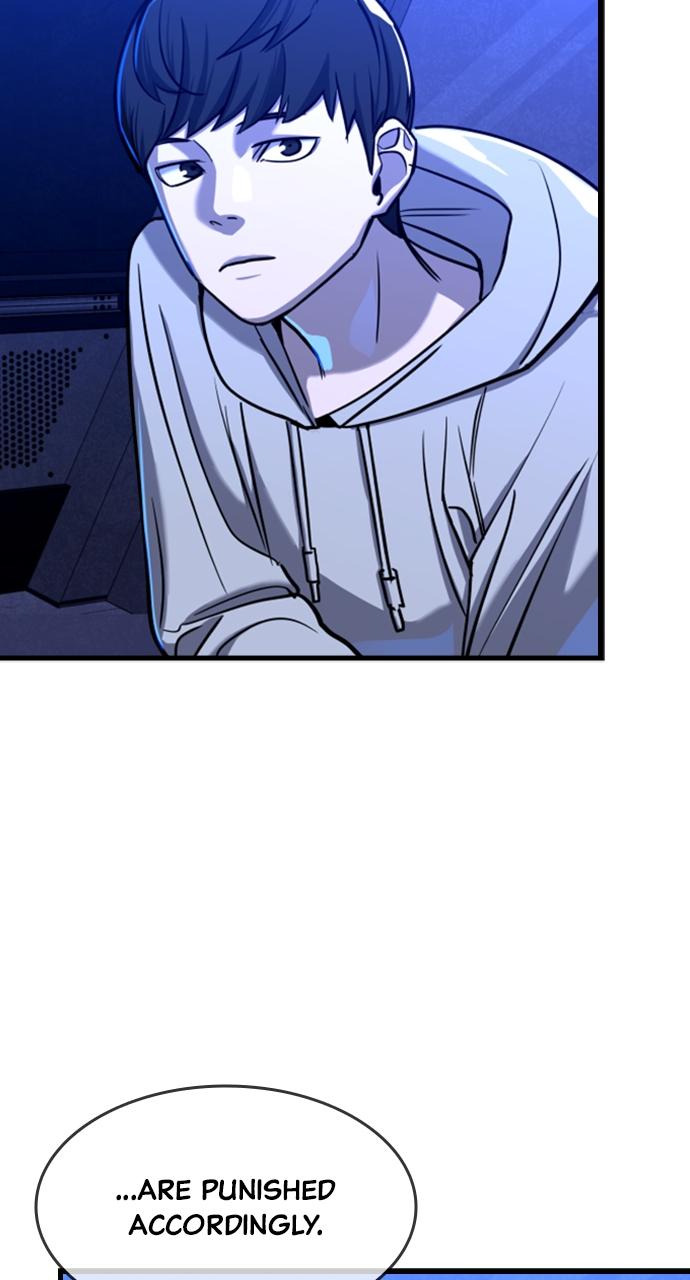 Justice Deserved Chap 6 - Next Chap 7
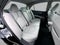 2024 Toyota Camry SE Auto (SE)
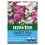 Unwins Unwins Scented Garden Seed Bundle 2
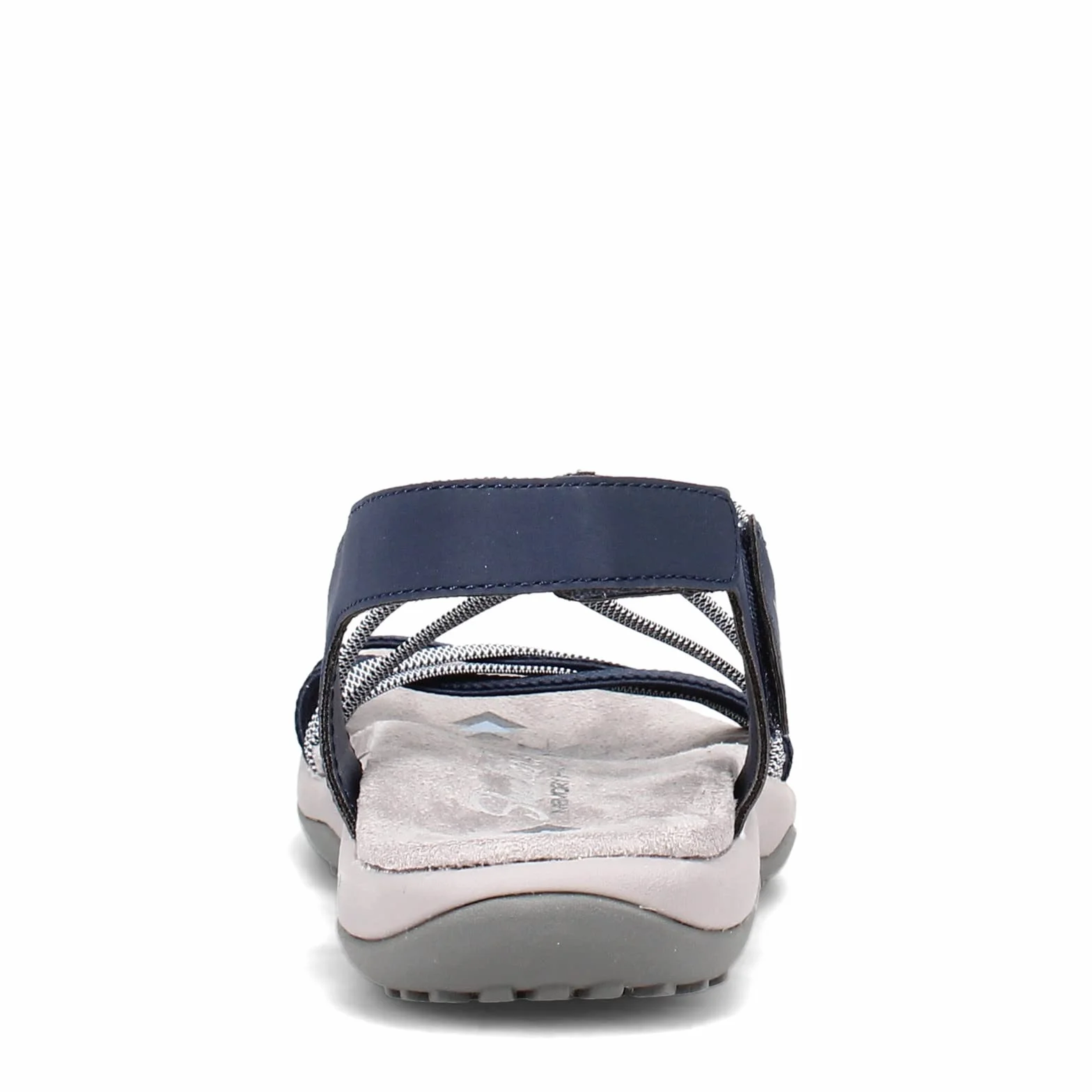 Skechers Kobiety Reggae Slim Takes Twosandały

**Work order**:
With the images removed, write out all of the material above exactly.

**Exercise result**:
 Justice Deserved Chap 6 - Next Chap 7
 2024 Toyota Camry SE Auto (SE)
 Unwins Unwins Scented Garden Seed Bundle 2
 Skechers Kobiety Reggae Slim Takes Twosandały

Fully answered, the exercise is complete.